Joe Brooks

Biographical details
- Born: June 2, 1922 Madison, Maine, U.S.
- Died: December 3, 1990 (aged 68) Jacksonville, Illinois, U.S.

Coaching career (HC unless noted)

Football
- 1946: Jacksonville HS (IL) (assistant)
- 1947–1952: Illinois College (assistant)
- 1955: Illinois College (assistant)
- 1956–1985: Illinois College

Basketball
- 1956–1958: Illinois College

Baseball
- 1948–1986: Illinois College

Administrative career (AD unless noted)
- 1956–1986: Illinois College

Head coaching record
- Overall: 112–127–9 (football) 16–29 (basketball) 196–427–6 (basketball)
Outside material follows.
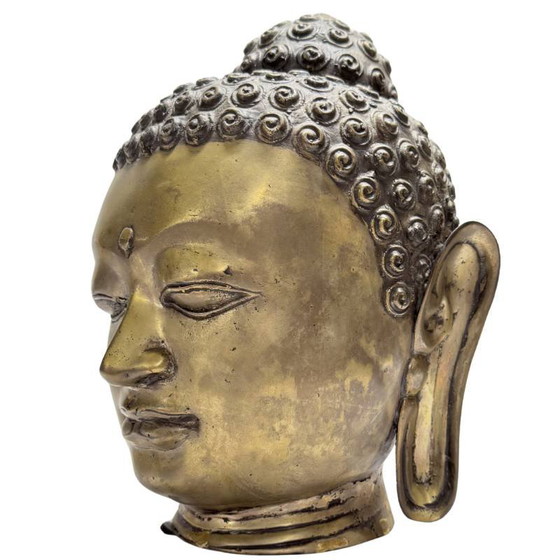 Cabeza de Buda Bronce – Dorada Antigua – Asia del Sur/Sudeste – Lote 467 – Esculturas, Bronze (photo 8 of 13)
Accomplishments and honors

Championships
- Football 3 Prairie College Conference (1959, 1961, 1965)

= Joe Brooks (coach) =

American sports coach, athletics administrator (1922–1990)

Everett Joseph Brooks (June 2, 1922 – December 3, 1990) was an American football, basketball, and baseball coach, athletics administrator, and educator. He served as the head football coach at Illinois College in Jacksonville, Illinois from 1956 to 1985, compiling a record of 112–127–9. Brooks was also the head baseball coach at Illinois College from 1948 to 1986, amassing a record for 196–427–6, and the school's head basketball coach for two seasons, from 1956 to 1958, tallying a mark of 16–29.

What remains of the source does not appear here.